Ce dispositif est un outil important, c’est pourquoi il a été beaucoup promu en 2017. Il offre une garantie locative aux étudiants dont les parents n’ont pas les ressources suffisantes. Lancé en 2017, ce dispositif n’a cessé de s’étendre : de 159 000 bénéficiaires en 2022, il est passé à presque 200 000 en 2025, une année record. C’est bien le signe que des efforts sont faits et que tout le monde s’accorde pour reconnaître les mérites de cette garantie. J’approuve votre proposition d’en faire une plus large publicité. C’est là en effet une aide que nous proposons aux étudiants, même si elle est indirecte, mais ils ne la sollicitent pas en nombre suffisant car ils ne la connaissent pas tous..On en revient à ce problème du non-recours. Ce sera sans doute l’un des grands enjeux du ministère, des rectorats, des Crous, du Cnous et des établissements, que de le résoudre.
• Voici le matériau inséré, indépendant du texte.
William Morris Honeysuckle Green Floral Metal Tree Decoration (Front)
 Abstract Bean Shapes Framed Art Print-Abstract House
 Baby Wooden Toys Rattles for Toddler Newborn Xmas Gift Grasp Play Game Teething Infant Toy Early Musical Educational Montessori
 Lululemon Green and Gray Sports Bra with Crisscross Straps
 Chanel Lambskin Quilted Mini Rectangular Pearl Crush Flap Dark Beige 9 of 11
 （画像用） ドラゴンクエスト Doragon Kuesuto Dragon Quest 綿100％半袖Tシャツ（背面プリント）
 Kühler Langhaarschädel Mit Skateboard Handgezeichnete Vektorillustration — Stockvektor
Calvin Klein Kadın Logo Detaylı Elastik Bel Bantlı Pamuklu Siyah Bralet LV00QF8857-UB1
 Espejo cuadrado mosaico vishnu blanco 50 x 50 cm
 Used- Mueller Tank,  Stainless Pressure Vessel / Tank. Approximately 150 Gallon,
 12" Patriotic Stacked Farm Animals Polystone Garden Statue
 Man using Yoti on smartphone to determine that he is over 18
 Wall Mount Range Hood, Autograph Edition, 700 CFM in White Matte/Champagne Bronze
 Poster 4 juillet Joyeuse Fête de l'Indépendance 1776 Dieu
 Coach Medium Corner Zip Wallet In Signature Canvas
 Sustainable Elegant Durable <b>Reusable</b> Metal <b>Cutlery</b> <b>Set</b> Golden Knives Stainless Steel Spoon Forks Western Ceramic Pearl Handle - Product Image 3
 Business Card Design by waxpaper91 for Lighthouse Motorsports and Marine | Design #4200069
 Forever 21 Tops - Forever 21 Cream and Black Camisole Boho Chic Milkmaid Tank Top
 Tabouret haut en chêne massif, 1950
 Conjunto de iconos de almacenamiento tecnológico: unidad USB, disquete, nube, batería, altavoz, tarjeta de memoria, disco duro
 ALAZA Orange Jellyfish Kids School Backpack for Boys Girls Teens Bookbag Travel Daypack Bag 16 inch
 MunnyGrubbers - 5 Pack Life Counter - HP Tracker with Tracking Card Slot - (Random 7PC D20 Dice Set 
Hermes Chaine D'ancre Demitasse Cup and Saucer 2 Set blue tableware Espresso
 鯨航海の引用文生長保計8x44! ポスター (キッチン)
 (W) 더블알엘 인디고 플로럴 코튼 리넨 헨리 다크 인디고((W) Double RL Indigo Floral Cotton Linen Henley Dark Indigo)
Plusieurs dispositifs ont été créés, en particulier celui de Santé psy étudiant, qui a permis d’augmenter le nombre de séances gratuites, notamment avec un psychologue. Parallèlement, de nombreux établissements ont constitué des cabinets médicaux au sein des campus, qui permettent de faciliter l’accès des étudiants à ces consultations qui restent des consultations de ville. On peut y trouver des généralistes, des dentistes, des gynécologues. Ces initiatives dépendent fortement de la volonté du président de l’université et ne s’inscrivent pas dans une démarche proposée uniformément dans tout le pays. Dans certains territoires, comme à Tours, le résultat est remarquable, avec des équipes médicales fournies, des infirmiers et des étudiants qui se mobilisent et jouent le rôle de relais auprès des étudiants en difficulté pour les intégrer au dispositif. J’ai vu de très belles réalisations, mais la difficulté sera de généraliser le système. Ce sera d’autant plus compliqué que nous avons volontairement laissé la main aux établissements, en leur laissant en particulier la possibilité de mobiliser dans cet objectif une partie de la CVEC – contribution de vie étudiante et de campus. Tous ne font pas ce choix-là, les actions sont variées, mais je crois que c’est dans cette direction que nous devons agir : offrir des soins sur les campus.
Source : compte rendu intégral officiel de l'Assemblée nationale, capturé le 2026-09-01. Texte reproduit tel que publié par l'Assemblée, hors interventions de présidence de séance (ouverture, clôture, mise aux voix).